Stan is a yoga and barre studio in central Kyiv, welcomes those identifying as women. Situated in a vibrant area, it’s founded by a professional ballet dancer, Mariia Dreihaupt.. Designers intentionally crafted a significant part of the project around her, intertwining her personality with a broader celebration of women. Stan encapsulates the spirit of feminine strength, elegance, and individuality, inviting to embark on a transformative journey within its carefully curated space. It is not just a studio; it is a sanctuary for self-expression and holistic well-being.

The existing layout was quite sharp and didn't match the envisioned soft, elegant, and feminine personality for the future concept.

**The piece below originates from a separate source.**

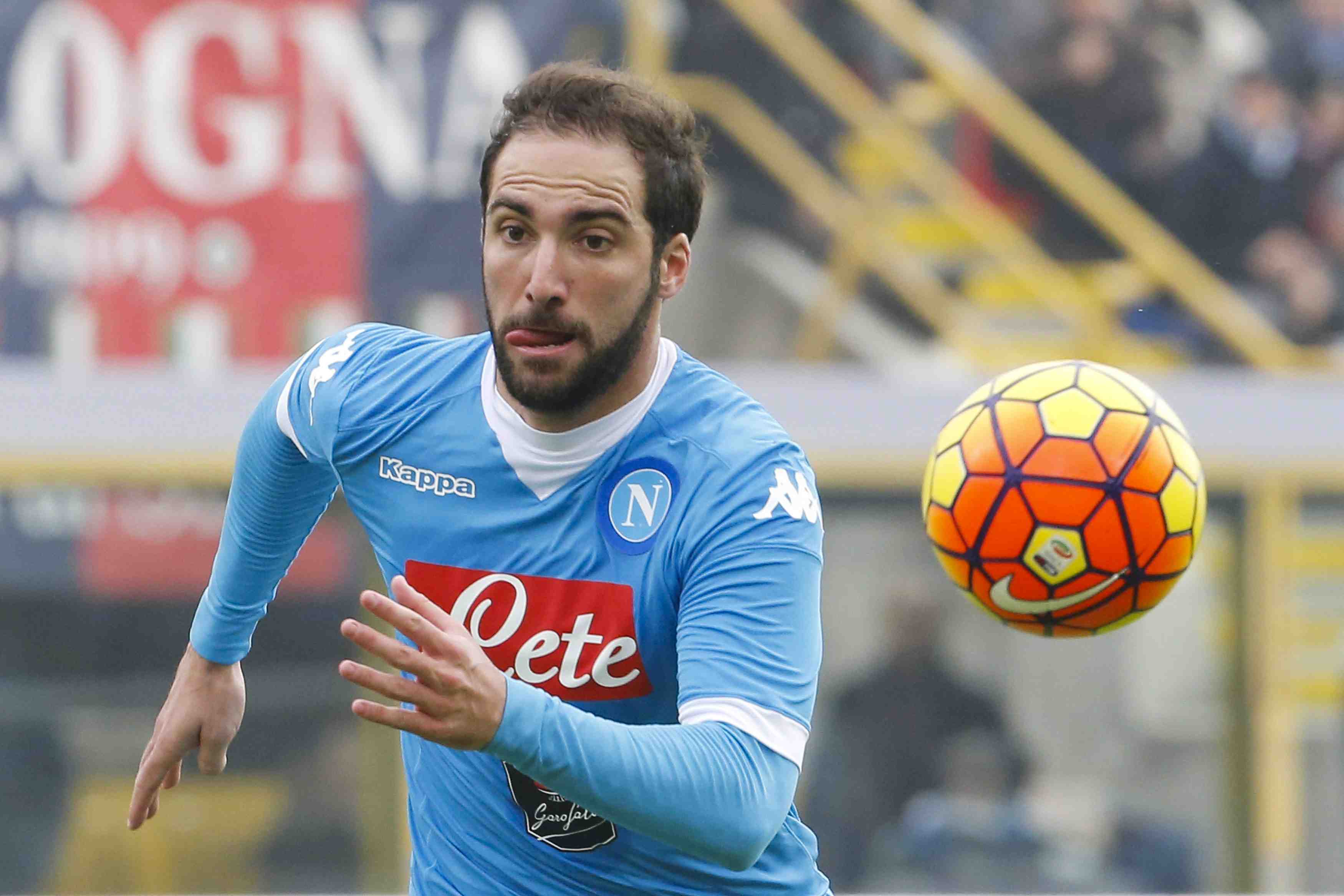 Naples laisse la tete a l'inter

Dubrovska Studio designers aimed to add more softness by rounding corners and using light curtains to smooth out the layout. The interior unfolds seamlessly, with a curtain corridor leading to changing rooms and showers. Faced with the absence of a minimalistic and soft solution for lockers, the designers crafted their own, complete with bespoke number and key tags. The showers, covered in small mosaic tiles, took inspiration from the modernist aesthetics of public bathrooms.

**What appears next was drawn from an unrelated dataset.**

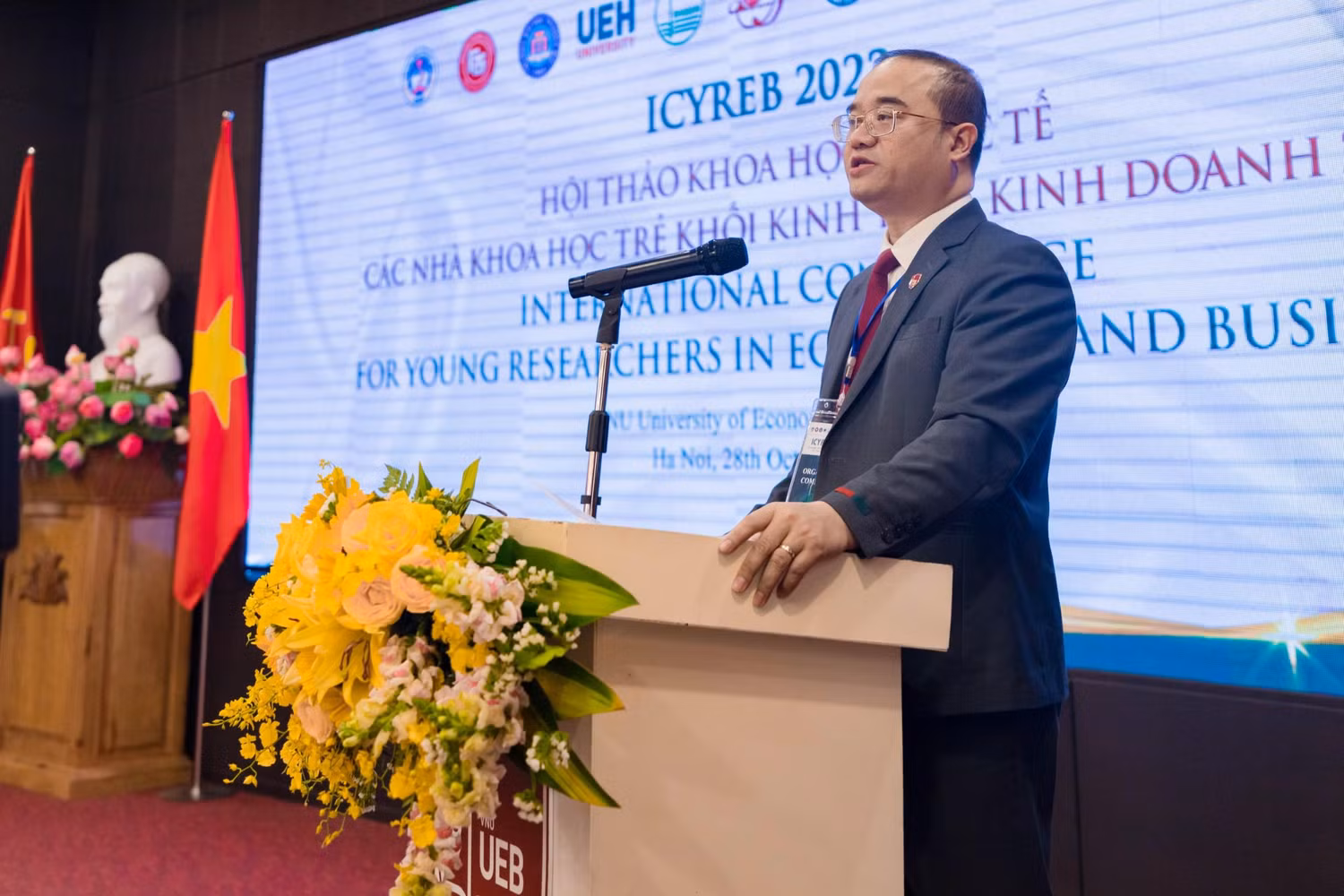 Phó giáo sư, Tiến sĩ Nguyễn Trúc Lê – Bí thư Đảng uỷ, Chủ tịch Hội đồng trường, Trường Đại học Kinh tế - Đại học Quốc gia Hà Nội phát biểu tại hội thảo ICYREB 2022 (ảnh: UEB)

Venturing further into the studio, another turn from the curtain corridor reveals the heart of Stan – the spacious room where classes come to life. This versatile space, accommodating up to 15 people, boasts a flexible lighting setup and mirror walls, creating an environment where the magic of each training session unfolds. The primary concept for the space involves reusing existing elements and sourcing locally. Despite the challenges of ordering from abroad due to wartime conditions during construction, the emphasis on sustainability aligned well with the overall concept.

“In our situation, when we initiated the project, there was virtually nothing available. We literally pieced the project together from leftovers we found around Kyiv.”, - designer Natalie Dubrovska said. Despite these challenges and frequent electricity blackouts in Ukraine during the construction process, the design aimed for uniqueness and creativity became the driving force. All elements were crafted based on designer drawings, with the sofa serving as a centerpiece for the welcoming area, inspired by the overall layout.

Designer Natalie Dubrovska shared, “I envisioned upholstering it with gobelin fabric, sourced second-hand or from an old fabric manufacturer. The quest for the right fabric turned into a humorous journey, with many gobelins featuring unappealing cat face illusions. Almost giving up, we lucked out, discovering a fabric from the 1970s that closely mirrored our initial design.”

Complementing the sofa, little tables were crafted from stone leftovers carefully sourced in the warehouse. A mirror, cut into the rock base in the welcoming area, creates an illusion of magic and special charm, reflecting parts of the space depending on the angle. The reception desk, cast in concrete, aimed for rough edges to contrast with the soft surroundings. Blending with existing gray microcement on the floor, it extended into the desk and was crushed on top, achieving the desired look and feel.

*Ukrainian word CTAH (STAN in Latin transliteration) means physical posture OR state, as a feeling of yourself.